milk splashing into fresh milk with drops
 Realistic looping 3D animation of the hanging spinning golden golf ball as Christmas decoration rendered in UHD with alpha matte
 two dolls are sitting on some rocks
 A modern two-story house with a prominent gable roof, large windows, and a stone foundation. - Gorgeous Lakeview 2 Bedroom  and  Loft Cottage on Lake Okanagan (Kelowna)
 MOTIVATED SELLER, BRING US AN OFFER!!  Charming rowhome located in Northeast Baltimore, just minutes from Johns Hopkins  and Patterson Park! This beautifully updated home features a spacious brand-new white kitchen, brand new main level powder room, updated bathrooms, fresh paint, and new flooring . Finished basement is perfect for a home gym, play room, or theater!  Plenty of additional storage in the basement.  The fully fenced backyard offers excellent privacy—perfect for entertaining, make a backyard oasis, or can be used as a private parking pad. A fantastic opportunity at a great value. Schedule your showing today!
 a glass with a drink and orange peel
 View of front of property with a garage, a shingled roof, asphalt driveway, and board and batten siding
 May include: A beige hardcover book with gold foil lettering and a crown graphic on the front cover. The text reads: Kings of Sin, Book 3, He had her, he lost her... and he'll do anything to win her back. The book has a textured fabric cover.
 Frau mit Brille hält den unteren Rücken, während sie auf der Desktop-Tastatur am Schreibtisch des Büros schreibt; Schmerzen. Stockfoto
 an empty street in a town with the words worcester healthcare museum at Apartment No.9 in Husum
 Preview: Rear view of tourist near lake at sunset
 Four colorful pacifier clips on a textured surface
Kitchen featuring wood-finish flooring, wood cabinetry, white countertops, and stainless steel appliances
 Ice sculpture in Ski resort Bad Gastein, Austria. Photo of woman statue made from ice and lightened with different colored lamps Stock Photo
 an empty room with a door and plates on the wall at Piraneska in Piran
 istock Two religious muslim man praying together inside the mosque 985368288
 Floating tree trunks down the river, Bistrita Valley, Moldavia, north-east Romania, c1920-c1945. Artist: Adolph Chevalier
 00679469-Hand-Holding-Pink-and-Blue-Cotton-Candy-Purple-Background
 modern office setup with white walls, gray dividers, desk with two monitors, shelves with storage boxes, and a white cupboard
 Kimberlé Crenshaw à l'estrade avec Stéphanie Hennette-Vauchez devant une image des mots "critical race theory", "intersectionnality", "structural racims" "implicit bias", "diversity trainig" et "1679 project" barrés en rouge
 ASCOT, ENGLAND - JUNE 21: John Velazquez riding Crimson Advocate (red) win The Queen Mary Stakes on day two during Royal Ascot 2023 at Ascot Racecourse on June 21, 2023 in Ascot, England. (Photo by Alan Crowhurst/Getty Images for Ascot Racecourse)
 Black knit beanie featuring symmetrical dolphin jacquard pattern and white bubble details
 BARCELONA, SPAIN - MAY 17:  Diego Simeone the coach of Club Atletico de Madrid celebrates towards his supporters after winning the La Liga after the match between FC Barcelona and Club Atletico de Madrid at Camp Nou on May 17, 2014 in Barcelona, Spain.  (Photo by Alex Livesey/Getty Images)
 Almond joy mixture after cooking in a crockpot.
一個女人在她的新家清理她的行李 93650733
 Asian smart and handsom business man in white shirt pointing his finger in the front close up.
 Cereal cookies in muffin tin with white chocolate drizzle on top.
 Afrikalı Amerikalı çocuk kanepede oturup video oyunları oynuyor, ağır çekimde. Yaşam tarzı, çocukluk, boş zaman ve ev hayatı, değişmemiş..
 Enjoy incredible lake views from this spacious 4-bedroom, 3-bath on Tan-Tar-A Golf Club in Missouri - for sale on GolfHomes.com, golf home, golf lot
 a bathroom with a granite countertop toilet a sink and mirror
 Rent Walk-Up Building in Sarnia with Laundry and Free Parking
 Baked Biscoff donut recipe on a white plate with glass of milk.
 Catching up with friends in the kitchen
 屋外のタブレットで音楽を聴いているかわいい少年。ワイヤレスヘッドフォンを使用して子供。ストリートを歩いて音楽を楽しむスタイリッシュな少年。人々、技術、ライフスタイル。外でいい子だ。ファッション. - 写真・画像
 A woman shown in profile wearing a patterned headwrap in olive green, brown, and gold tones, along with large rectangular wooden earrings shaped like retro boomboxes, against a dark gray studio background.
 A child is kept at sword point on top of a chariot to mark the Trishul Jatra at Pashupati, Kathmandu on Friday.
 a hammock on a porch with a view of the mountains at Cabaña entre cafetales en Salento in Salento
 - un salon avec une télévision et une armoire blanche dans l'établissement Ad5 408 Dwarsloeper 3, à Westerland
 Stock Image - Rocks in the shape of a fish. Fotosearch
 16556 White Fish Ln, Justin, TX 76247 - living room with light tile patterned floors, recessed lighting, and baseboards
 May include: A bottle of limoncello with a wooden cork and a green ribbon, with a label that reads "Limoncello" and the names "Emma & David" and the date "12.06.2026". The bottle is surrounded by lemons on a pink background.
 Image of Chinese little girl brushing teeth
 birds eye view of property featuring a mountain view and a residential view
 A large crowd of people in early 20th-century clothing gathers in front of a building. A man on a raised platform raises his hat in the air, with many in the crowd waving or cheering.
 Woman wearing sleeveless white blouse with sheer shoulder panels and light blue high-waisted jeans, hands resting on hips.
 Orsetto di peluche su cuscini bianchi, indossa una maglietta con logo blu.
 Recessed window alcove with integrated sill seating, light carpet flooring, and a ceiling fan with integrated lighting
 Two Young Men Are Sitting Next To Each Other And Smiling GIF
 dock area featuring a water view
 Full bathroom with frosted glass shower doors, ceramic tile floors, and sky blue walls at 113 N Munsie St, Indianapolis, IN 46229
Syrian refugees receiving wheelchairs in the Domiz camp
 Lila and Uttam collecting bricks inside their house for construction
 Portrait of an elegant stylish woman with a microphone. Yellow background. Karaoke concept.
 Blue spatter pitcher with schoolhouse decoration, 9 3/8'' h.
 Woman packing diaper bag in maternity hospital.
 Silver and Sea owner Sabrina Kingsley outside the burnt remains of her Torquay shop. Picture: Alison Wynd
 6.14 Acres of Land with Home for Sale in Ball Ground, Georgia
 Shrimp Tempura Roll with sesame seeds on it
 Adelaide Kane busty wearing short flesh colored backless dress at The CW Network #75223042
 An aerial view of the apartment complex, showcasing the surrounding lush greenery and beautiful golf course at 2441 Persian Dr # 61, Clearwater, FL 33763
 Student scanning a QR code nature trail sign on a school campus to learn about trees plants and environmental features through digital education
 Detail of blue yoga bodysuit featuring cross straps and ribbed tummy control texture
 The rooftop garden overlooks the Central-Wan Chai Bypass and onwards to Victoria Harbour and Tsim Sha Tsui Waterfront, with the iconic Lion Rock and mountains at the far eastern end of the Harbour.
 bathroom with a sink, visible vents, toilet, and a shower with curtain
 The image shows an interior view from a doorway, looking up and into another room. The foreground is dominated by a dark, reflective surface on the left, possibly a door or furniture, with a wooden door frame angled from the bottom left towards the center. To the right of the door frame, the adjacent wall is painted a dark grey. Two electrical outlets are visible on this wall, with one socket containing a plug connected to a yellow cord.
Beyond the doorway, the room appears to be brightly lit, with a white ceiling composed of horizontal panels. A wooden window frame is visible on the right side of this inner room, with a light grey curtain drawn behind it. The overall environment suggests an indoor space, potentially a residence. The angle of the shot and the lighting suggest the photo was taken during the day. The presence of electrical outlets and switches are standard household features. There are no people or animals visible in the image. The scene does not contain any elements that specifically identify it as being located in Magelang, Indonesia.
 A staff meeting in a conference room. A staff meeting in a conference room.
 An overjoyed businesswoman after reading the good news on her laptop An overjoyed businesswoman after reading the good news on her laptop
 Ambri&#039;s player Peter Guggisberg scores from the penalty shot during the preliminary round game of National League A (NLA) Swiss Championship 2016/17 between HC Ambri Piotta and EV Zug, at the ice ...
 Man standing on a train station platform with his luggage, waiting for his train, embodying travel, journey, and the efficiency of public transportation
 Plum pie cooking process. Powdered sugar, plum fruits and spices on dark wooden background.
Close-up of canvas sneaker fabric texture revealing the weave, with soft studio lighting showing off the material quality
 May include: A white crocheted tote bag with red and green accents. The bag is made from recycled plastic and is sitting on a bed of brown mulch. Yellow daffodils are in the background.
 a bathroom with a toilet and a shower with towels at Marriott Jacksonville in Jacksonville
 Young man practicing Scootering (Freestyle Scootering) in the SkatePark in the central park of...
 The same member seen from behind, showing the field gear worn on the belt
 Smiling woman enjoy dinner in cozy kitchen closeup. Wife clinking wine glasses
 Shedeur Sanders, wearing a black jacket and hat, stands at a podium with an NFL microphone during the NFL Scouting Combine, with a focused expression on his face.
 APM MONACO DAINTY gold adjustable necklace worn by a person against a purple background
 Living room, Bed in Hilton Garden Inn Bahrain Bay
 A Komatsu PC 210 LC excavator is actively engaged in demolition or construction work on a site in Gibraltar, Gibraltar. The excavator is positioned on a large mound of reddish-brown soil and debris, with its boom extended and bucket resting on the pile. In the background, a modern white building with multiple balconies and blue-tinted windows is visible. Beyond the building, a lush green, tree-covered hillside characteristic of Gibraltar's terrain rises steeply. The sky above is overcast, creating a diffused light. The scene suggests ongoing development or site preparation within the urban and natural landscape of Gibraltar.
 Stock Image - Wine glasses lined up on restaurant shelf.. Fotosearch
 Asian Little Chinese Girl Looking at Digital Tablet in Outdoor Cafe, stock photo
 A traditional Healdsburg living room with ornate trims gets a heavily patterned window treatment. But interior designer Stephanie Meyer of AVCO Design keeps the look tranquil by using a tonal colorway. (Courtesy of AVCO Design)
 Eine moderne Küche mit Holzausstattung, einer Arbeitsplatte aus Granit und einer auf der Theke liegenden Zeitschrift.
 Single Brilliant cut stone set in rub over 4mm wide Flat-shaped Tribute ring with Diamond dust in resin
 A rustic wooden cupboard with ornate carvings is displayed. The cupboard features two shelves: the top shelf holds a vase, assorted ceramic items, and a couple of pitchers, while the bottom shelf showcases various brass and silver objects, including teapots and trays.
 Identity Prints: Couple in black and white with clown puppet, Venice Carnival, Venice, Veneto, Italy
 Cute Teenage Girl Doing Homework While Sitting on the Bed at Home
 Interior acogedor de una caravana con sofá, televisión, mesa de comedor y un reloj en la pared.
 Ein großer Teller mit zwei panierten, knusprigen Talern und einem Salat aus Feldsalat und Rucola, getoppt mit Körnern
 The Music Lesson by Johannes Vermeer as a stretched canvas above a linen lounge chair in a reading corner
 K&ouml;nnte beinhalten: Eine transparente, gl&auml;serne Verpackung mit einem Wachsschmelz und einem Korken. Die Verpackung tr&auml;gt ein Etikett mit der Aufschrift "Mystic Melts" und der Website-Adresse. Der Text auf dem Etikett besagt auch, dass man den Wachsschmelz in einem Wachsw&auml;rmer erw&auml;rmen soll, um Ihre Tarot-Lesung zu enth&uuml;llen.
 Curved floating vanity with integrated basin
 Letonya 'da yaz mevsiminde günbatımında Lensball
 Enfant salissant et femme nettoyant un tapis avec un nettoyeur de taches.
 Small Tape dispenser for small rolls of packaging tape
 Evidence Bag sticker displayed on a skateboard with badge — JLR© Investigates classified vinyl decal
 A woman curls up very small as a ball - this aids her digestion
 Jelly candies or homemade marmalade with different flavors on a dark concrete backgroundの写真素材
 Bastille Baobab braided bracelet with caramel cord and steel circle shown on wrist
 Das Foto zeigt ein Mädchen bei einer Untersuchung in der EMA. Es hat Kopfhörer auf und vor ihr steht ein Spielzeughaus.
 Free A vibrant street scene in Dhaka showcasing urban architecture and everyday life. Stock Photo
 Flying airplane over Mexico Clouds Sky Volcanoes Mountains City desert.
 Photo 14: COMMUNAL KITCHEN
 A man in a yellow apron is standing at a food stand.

● ● ●

* [What is expected]: Set down, exactly and only, the lines running from the one holding "Letonya 'da yaz" through the end of the records above, both ends included.

* [Response to the task]:
 Letonya 'da yaz mevsiminde günbatımında Lensball
 Enfant salissant et femme nettoyant un tapis avec un nettoyeur de taches.
 Small Tape dispenser for small rolls of packaging tape
 Evidence Bag sticker displayed on a skateboard with badge — JLR© Investigates classified vinyl decal
 A woman curls up very small as a ball - this aids her digestion
 Jelly candies or homemade marmalade with different flavors on a dark concrete backgroundの写真素材
 Bastille Baobab braided bracelet with caramel cord and steel circle shown on wrist
 Das Foto zeigt ein Mädchen bei einer Untersuchung in der EMA. Es hat Kopfhörer auf und vor ihr steht ein Spielzeughaus.
 Free A vibrant street scene in Dhaka showcasing urban architecture and everyday life. Stock Photo
 Flying airplane over Mexico Clouds Sky Volcanoes Mountains City desert.
 Photo 14: COMMUNAL KITCHEN
 A man in a yellow apron is standing at a food stand.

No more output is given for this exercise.